20:12 video release party at Casselman's offers slightly different hip-hop experience
07.30.10 | Casselman's Bar and Venue
Maybe it was the free vodka. Or maybe it was the hundreds of ladies dressed to the nines. Or perhaps it was the unmistakable family vibe. Hard to say. Whatever it was, though, 20:12's release party at Casselman's on Friday night came off as something different all together. For starters, you couldn't help but notice how the numbers swayed noticeably in favor of the fairer sex; there were far more ladies on hand than at most local hip-hop shows.
The crowd was already generous by 9 p.m., and Casselman's intimate ambiance, with its dark tables romantically lit by candlelight, set the vibe for the evening. As each act did their thing on stage, they were accompanied by an entourage of hypeman and, to balance that out, plenty of scantily clad ladies.
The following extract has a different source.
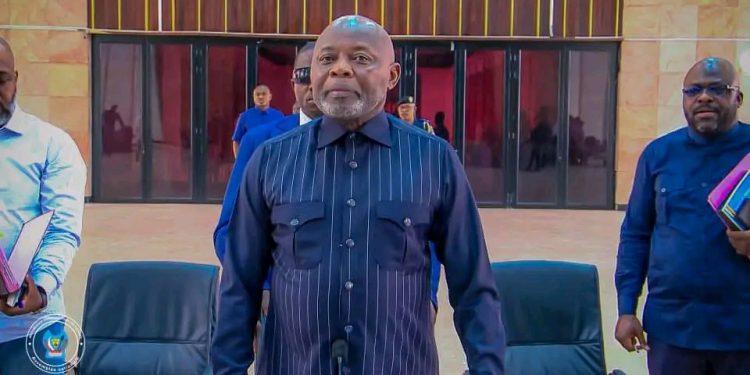 Embouteillages à Kinshasa : Félix Tshisekedi qualifie cette situation d’insoutenable et ordonne les réformes profondes de la PCR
The show started with King Devious -- though it was hard to tell the King from his court, as he was joined on stage by an abundance of other MCs and/or hypemen. Despite the fact that the mikes squealed incessantly throughout the set, the group managed to keep the crowd's attention with autotuned hooks and plenty of energy. And the lovely ladies dancing erotically in the background did their part to make sure all eyes remained forward.
D A Dubb took the stage next, and again, there were so many bodies on stage, it was hard to know who was who. Everybody danced in sync with one another as though they were following a choreographed routine. Like some sort of hip-hop pied pipers, the group had all the ladies dancing in a trance-like fashion. A highlight of this set was Mike D. Chill's performance. Get Some Entertainment's provided a segue into the next act, but their set was unorganized and delivered in a mostly mixtape style over "borrowed" beats.
Hypnautic and King Tef, who were up next, clearly know how to work a crowd. During their set, all heads were facing forward and asses were shaking, as the two weaved through their familiar tracks. The lyrics were cloaked in Top 40 beats and hooks that inspired chants from the crowd. Whatever the duo lack in lyrical creativity, they more than make up for with their ability to connect with a crowd.
Spoke In Wordz followed and started things off smooth with acoustic accompaniment from singer/guitarist Arkhightek. Spoke seamlessly transitioned from clear and soothing flow over an acoustic to a hard, Eminem-esque style delivery. Plagued with turntable issues, DJ
Chonz Psycho worked feverishly to fix whatever problems he encountered, as Spoke and DJ R² beatboxed their way out of a bind, making for a very entertaining interlude.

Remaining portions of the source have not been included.